◆ **Task objective**
Restate all the data word for word and omit the pictures.
───── Information supplied
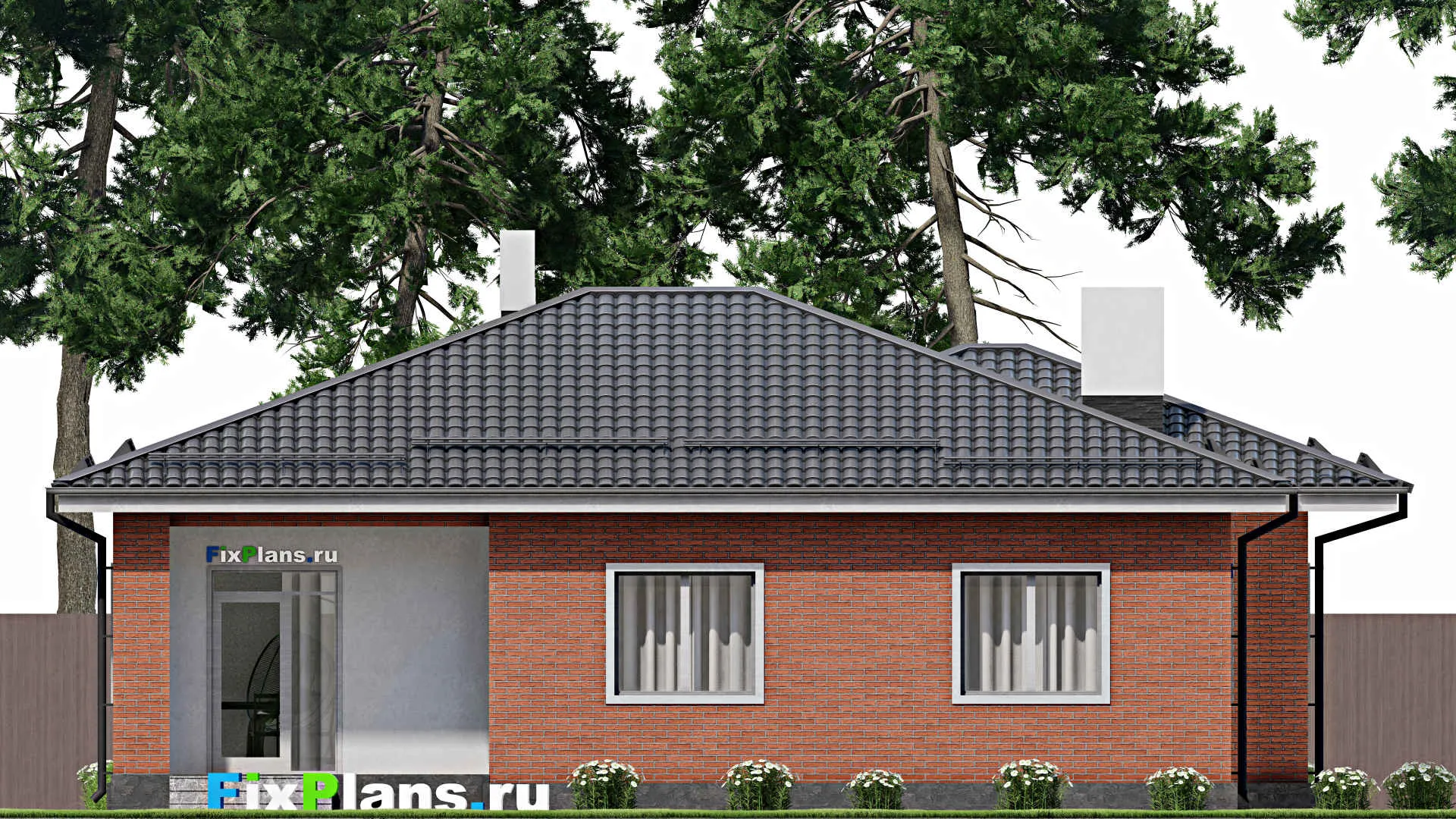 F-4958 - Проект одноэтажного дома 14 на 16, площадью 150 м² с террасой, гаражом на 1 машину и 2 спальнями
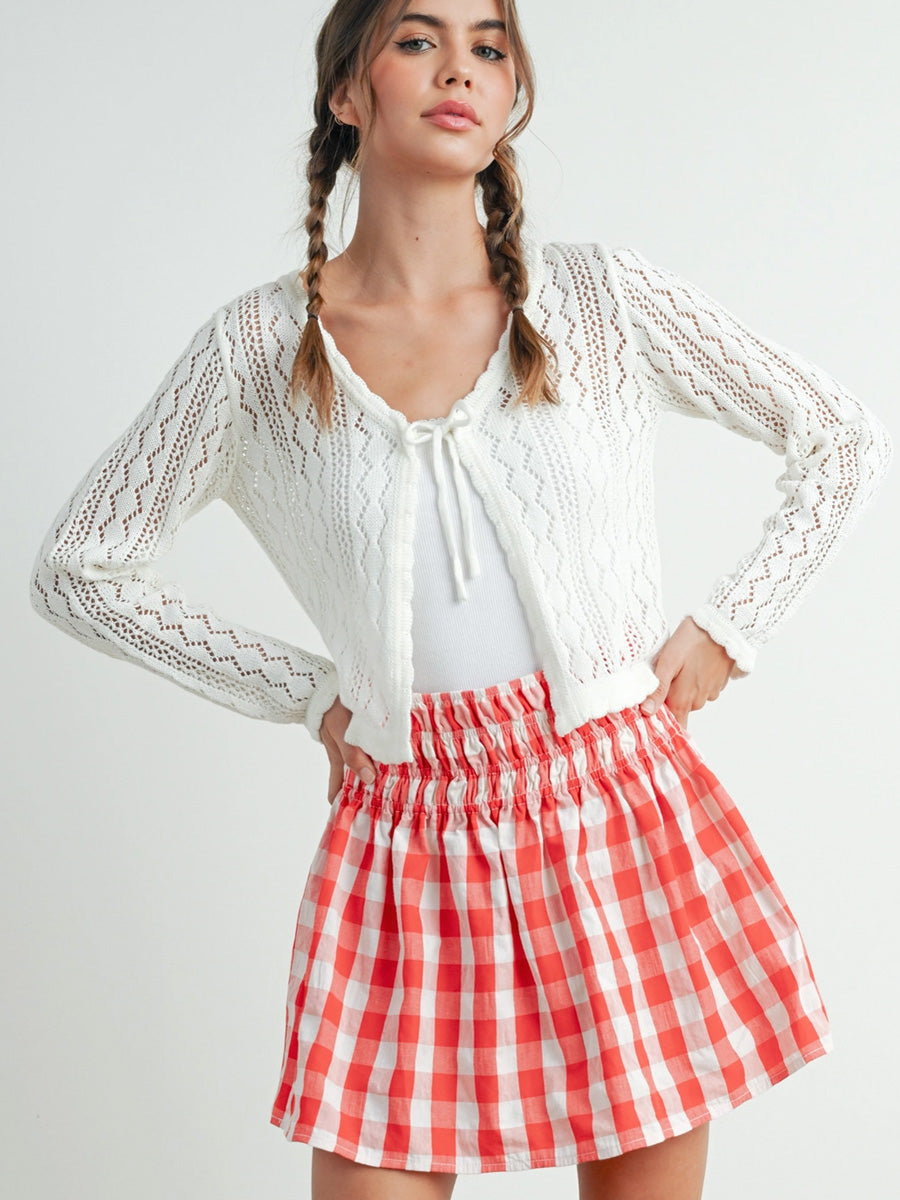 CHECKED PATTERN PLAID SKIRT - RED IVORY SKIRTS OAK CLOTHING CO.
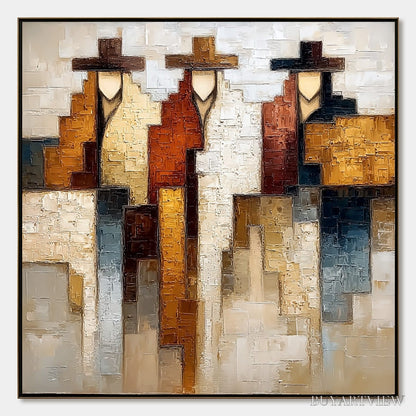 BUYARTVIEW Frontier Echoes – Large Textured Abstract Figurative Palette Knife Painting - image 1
──────────
◆ **Solution**
 F-4958 - Проект одноэтажного дома 14 на 16, площадью 150 м² с террасой, гаражом на 1 машину и 2 спальнями
 CHECKED PATTERN PLAID SKIRT - RED IVORY SKIRTS OAK CLOTHING CO.
 BUYARTVIEW Frontier Echoes – Large Textured Abstract Figurative Palette Knife Painting - image 1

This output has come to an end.